Abstract: Series 112, Lecture 2
Lecture #2: Thursday, November 17, 2016 — Time and Location
Variability and Robustness in Neurons and Networks
Eve Marder, PhD
Professor of Biology
Long-lived animals, such as lobsters and humans, confront a complex problem: their neurons live for many, many years, yet all of the molecules that are important for neuronal and synaptic function are being replaced on time-scales from minutes to weeks. How do nervous systems maintain stable function in the face of molecular turnover? And, does stable circuit function demand constancy in the cellular and molecular components that give rise to brain functions? This leads to the question of how well-tuned do brains need to be to produce behavior that we consider healthy and normal? Experimental work on the crustacean stomatogastric ganglion (STG) has revealed a 2-6 fold variability in many of the parameters that are important for circuit dynamics.

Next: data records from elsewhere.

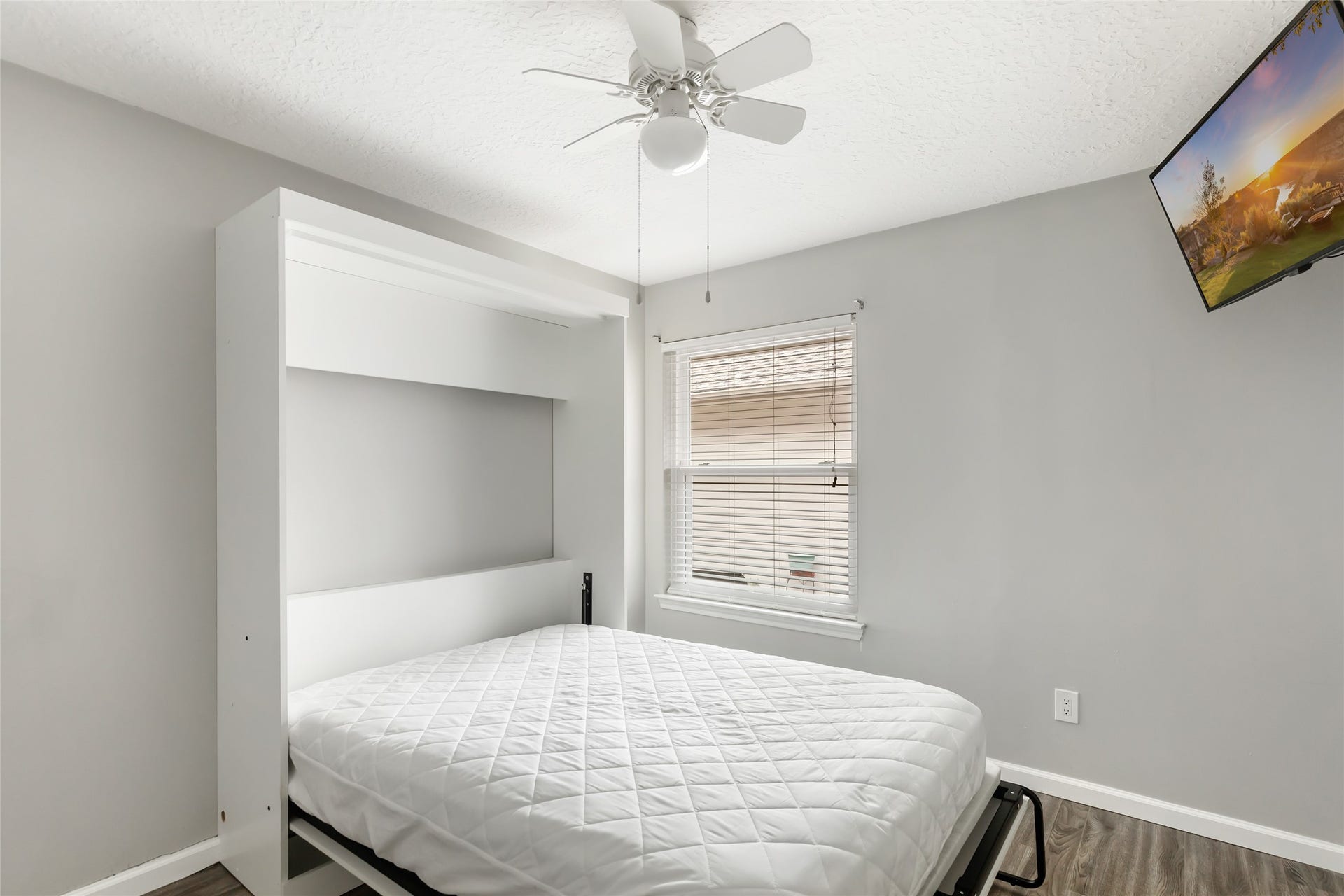 4210 Valley Glade Drive, Kingwood, TX 77345 Bedroom 2 with open Murphy Bed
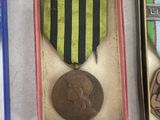 three medals and a medal in a box on a white surface
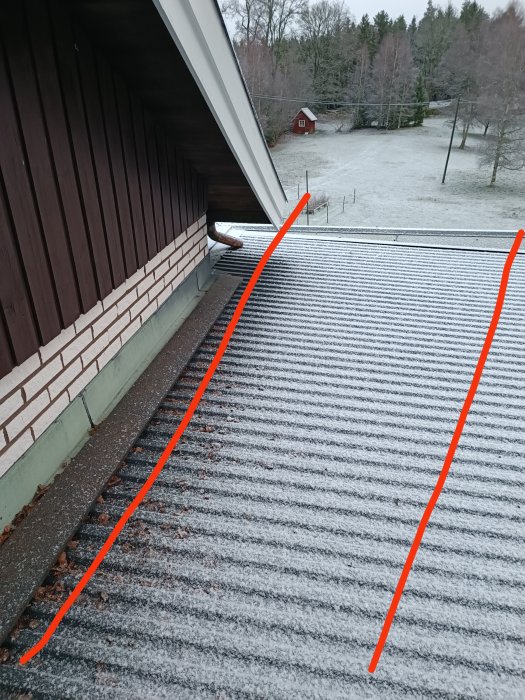 Ett frostigt tak sett från ett hus, med snörikt landskap och ett rött hus i bakgrunden.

At the same time, a body of theoretical work shows that similar network performance can arise from diverse underlying parameter sets. Together, these lines of evidence suggest that each individual animal, at any moment in its life-time, has found a different solution to producing “good enough” motor patterns for healthy performance in the world. This poses the question of the extent to which animals with different sets of underlying circuit parameters can respond reliably and robustly to environmental perturbations and neuromodulation. Consequently, we study the effects of temperature, pH and neuromodulation on the pyloric rhythm of crabs. While all animals respond remarkably well to large environmental perturbations, extreme perturbations that produce system “crashes” reveal the underlying parameter differences in the population. Moreover, new models of homeostatic regulation of intrinsic excitability give insight into the kinds of mechanisms that could give rise to the highly variable solutions to stable circuit performance.